» **RECORDS TO USE**
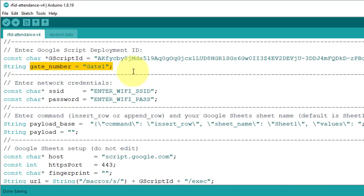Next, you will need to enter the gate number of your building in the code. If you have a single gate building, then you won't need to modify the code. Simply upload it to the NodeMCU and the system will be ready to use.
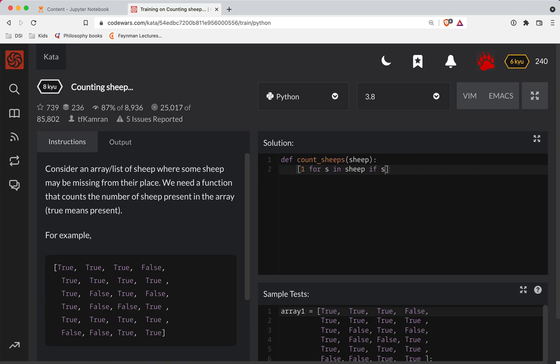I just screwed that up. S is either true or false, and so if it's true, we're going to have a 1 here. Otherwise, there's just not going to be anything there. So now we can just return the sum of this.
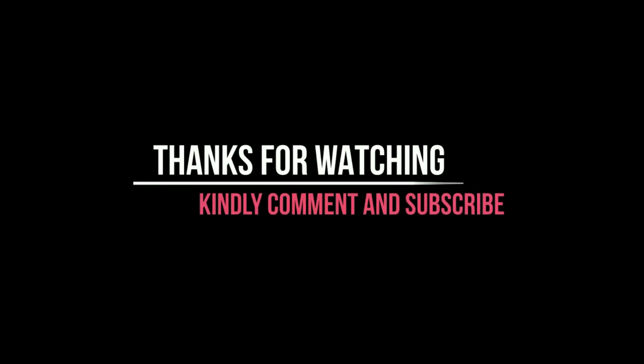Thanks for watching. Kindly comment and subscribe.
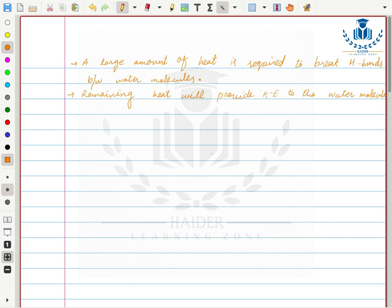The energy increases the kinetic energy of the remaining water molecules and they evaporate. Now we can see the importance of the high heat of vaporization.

...

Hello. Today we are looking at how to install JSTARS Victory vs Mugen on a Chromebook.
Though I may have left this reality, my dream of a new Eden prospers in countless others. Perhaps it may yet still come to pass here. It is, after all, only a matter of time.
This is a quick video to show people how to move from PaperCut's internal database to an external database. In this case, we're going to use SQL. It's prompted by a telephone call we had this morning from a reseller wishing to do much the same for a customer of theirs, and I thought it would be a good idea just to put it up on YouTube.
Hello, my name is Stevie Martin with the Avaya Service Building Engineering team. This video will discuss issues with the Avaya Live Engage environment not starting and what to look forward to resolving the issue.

» **REQUIRED ACTION**
Copy the lines above between the one holding "Thanks for watching." and the one holding "The energy increases", inclusive. Drop the pictures.

» **EXERCISE RESULT**
Thanks for watching. Kindly comment and subscribe.
The energy increases the kinetic energy of the remaining water molecules and they evaporate. Now we can see the importance of the high heat of vaporization.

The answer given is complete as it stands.